On the earnings call, Home Depot's new CEO Craig Menear said sales growth from "high spend pro customers," which the company defines as those who spend more than $10,000 a year at the chain and represent 13% of its pro business, rose at "two-times" the company average in the quarter. It also marked the 11th quarter in a row sales from the high spend pro category advanced.
The contractor segment makes up about 35% of sales for Home Depot, compared to 25% for smaller rival Lowe's (LOW) .
Quicker growth in the average transaction value metric further suggests homeowners are opting for more expensive remodeling projects, such as kitchen upgrades and appliance purchases, given consistent home price appreciation.
The notion was hinted at by a Macy's (M) executive last week. "We also see positive factors in the economy, lower gas prices, lower unemployment and healthy financial markets," said Macy's Chief Financial Officer Karen Hoguet on an earnings call with analysts.
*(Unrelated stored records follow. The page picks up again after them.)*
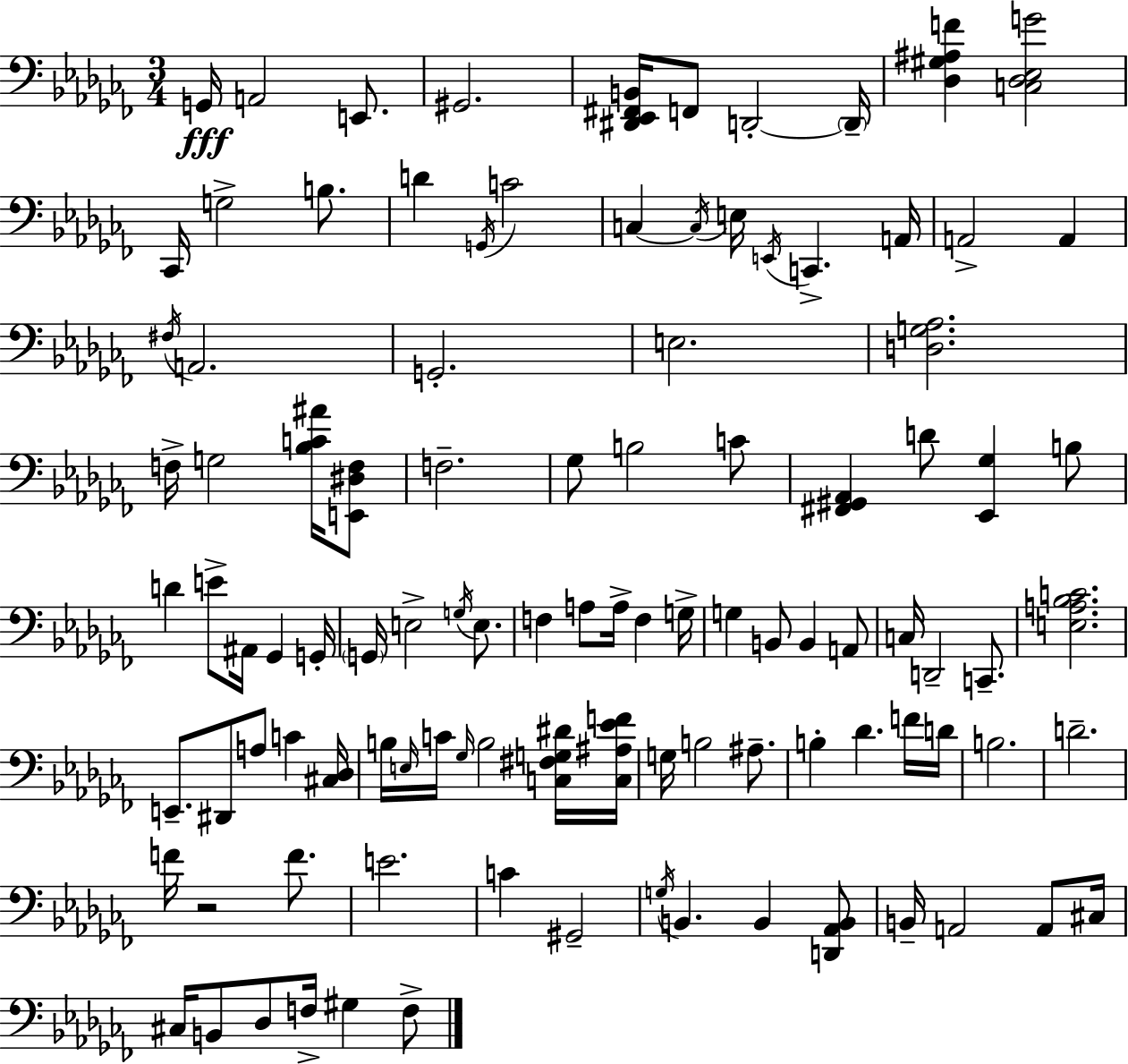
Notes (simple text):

G2/s A2/h E2/e. G#2/h. [D#2,Eb2,F#2,B2]/s F2/e D2/h D2/s [Db3,G#3,A#3,F4]/q [C3,Db3,Eb3,G4]/h CES2/s G3/h B3/e. D4/q G2/s C4/h C3/q C3/s E3/s E2/s C2/q. A2/s A2/h A2/q F#3/s A2/h. G2/h. E3/h. [D3,G3,Ab3]/h. F3/s G3/h [Bb3,C4,A#4]/s [E2,D#3,F3]/e F3/h. Gb3/e B3/h C4/e [F#2,G#2,Ab2]/q D4/e [Eb2,Gb3]/q B3/e D4/q E4/e A#2/s Gb2/q G2/s G2/s E3/h G3/s E3/e. F3/q A3/e A3/s F3/q G3/s G3/q B2/e B2/q A2/e C3/s D2/h C2/e. [E3,A3,Bb3,C4]/h. E2/e. D#2/e A3/e C4/q [C#3,Db3]/s B3/s E3/s C4/s Gb3/s B3/h [C3,F#3,G3,D#4]/s [C3,A#3,Eb4,F4]/s G3/s B3/h A#3/e. B3/q Db4/q. F4/s D4/s B3/h. D4/h. F4/s R/h F4/e. E4/h. C4/q G#2/h G3/s B2/q. B2/q [D2,Ab2,B2]/e B2/s A2/h A2/e C#3/s C#3/s B2/e Db3/e F3/s G#3/q F3/e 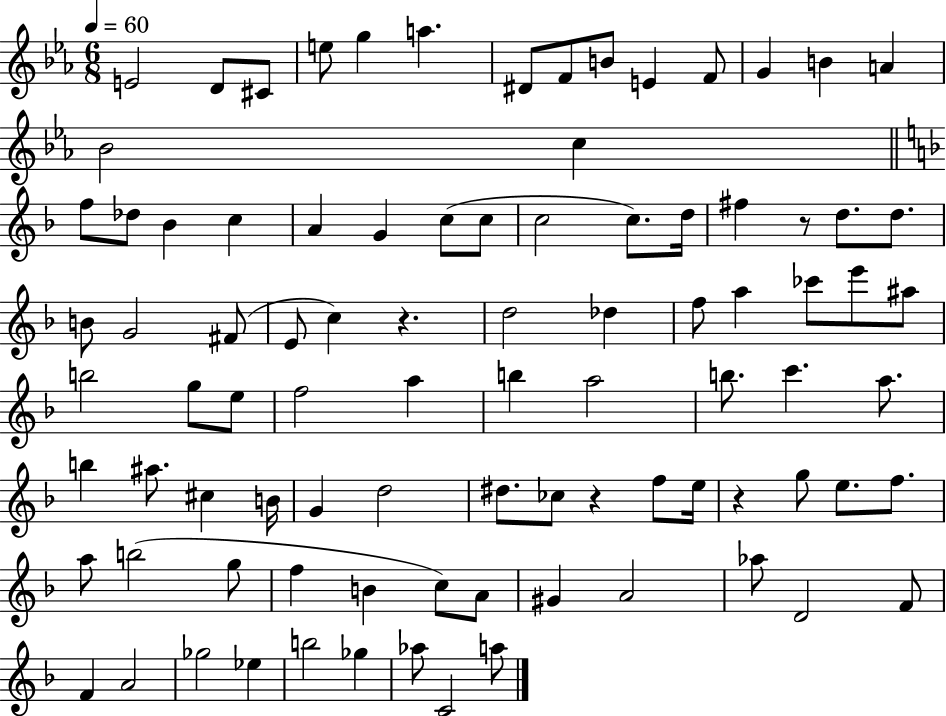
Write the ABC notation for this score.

X:1
T:Untitled
M:6/8
L:1/4
K:Eb
E2 D/2 ^C/2 e/2 g a ^D/2 F/2 B/2 E F/2 G B A _B2 c f/2 _d/2 _B c A G c/2 c/2 c2 c/2 d/4 ^f z/2 d/2 d/2 B/2 G2 ^F/2 E/2 c z d2 _d f/2 a _c'/2 e'/2 ^a/2 b2 g/2 e/2 f2 a b a2 b/2 c' a/2 b ^a/2 ^c B/4 G d2 ^d/2 _c/2 z f/2 e/4 z g/2 e/2 f/2 a/2 b2 g/2 f B c/2 A/2 ^G A2 _a/2 D2 F/2 F A2 _g2 _e b2 _g _a/2 C2 a/2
She added, "We are, however, balancing these factors with the reality of the recent trend caused in part by customer spending more their disposable dollars on categories we don't sell like cars, health care, electronics and home improvement."
Demand on the part of do-it-yourself home remodelers has not let up in November for Home Depot. "I am impressed with sales in the first two weeks of November," said Chief Financial Officer Carol Tome on the earnings call.